Por qué los niños tienen que tener rabietas

La importancia de las rabietas en el desarrollo infantil

Sara TarrésPsicóloga Infantil

Cuando hablamos de rabietas infantiles, por lo general, solemos hacerlo desde la perspectiva negativa de las mismas. Estamos acostumbrados a ver información y consejos para calmarlas, evitarlas o gestionarlas, pero pocas veces se nos explica que detrás de las rabietas infantiles existen razones importantes que las hacen necesarias. ¿Sabes por qué es importante que un niño tenga rabietas? 

La parte positiva de que los niños tengan rabietas

Niño con rabieta

Es conocido que a partir de los 2 años los niños entran en una fase de oposición sistemática y terquedad. Es justamente a esta edad cuando empiezan las tan temidas rabietas, momento en el cual los padres buscamos rápidamente técnicas para evitar que se produzcan. Sin embargo más que buscar remedios para evitarlas o eludirlas deberíamos empezar por entender por qué se producen y verlas como una oportunidad para educar emocionalmente a nuestros hijos, para que entiendan los límites y desarrollen habilidades sociales que necesitarán en un futuro no muy lejano.

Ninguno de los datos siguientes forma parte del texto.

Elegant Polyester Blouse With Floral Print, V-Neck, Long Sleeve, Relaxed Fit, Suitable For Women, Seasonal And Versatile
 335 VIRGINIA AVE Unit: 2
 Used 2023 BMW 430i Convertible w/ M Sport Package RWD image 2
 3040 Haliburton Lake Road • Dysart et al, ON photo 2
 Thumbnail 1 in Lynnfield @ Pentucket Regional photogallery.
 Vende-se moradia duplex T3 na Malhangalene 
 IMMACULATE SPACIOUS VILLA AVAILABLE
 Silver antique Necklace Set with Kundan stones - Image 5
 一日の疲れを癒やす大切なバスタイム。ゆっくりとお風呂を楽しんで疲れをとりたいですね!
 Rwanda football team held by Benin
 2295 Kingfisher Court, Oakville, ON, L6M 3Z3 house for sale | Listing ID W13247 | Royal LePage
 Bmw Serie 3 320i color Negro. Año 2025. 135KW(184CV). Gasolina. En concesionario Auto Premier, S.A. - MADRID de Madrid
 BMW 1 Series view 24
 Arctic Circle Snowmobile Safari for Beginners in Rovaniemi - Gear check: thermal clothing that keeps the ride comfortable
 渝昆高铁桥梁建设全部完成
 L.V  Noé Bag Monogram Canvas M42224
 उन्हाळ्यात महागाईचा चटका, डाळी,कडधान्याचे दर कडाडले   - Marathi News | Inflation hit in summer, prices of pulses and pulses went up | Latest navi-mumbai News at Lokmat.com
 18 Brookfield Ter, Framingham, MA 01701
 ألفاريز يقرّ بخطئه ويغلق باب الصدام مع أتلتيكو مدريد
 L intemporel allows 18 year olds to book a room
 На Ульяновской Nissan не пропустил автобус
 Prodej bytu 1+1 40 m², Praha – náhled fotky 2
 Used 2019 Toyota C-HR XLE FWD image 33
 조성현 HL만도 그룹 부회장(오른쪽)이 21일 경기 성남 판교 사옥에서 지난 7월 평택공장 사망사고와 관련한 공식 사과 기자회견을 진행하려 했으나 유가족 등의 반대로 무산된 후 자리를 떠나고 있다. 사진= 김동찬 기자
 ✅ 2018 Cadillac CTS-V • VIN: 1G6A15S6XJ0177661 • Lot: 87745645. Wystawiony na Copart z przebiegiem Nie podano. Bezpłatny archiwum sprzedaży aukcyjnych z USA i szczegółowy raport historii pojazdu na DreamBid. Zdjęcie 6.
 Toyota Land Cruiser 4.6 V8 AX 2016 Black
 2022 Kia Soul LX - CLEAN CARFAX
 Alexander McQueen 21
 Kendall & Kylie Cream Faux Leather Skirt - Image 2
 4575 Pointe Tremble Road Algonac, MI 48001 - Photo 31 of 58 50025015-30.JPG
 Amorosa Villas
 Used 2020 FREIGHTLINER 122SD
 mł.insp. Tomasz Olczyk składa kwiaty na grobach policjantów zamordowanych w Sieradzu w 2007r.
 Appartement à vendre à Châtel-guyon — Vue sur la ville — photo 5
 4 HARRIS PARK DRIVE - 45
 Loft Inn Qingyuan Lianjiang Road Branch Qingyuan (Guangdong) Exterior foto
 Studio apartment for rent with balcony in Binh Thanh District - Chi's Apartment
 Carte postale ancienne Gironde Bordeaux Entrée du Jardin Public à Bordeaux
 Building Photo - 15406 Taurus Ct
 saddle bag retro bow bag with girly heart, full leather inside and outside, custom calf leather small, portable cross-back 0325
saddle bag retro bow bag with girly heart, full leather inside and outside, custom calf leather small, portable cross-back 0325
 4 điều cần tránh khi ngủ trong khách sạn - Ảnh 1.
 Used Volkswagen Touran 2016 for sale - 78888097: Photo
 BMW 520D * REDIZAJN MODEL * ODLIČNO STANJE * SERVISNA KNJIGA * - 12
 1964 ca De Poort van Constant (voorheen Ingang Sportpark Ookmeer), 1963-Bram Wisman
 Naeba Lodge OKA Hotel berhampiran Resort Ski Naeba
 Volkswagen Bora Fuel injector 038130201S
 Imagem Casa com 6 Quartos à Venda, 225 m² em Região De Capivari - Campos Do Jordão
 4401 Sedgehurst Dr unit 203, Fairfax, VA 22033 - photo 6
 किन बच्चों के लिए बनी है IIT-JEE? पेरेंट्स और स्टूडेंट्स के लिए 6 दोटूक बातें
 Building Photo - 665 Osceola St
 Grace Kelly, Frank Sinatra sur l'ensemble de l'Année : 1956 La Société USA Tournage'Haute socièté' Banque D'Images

Las rabietas infantiles son normales, necesarias e indicativas de un correcto desarrollo de nuestros hijos entre los 2 y 5 años. A esta edad es absolutamente normal que los niños tengan rabietas. Si bien es cierto que debemos tratarlas de un modo diferente según el nivel de edad de cada niño, a estas edades por sí mismas las rabietas no son indicativas de ningún trastorno.

Las rabietas según la edad de los niños

- Un niño de 2 años con rabietas es un niño en plena formación y desarrollo de su yo, de su  personalidad que explora sus límites y los de los demás.

- Entre los 2 y los 4 años los niños inician una etapa donde necesitan autonomía e independencia para explorar y entender el mundo que les rodea. Es esta necesidad creciente de autonomía la que generará multitud de situaciones en las que el niño se siente frustrado. En otras ocasiones veremos que necesita reivindicarse, expresar sus necesidades, sus gustos o inapetencias, de ahí tantas negativas y del no sistemático a todo durante esta etapa.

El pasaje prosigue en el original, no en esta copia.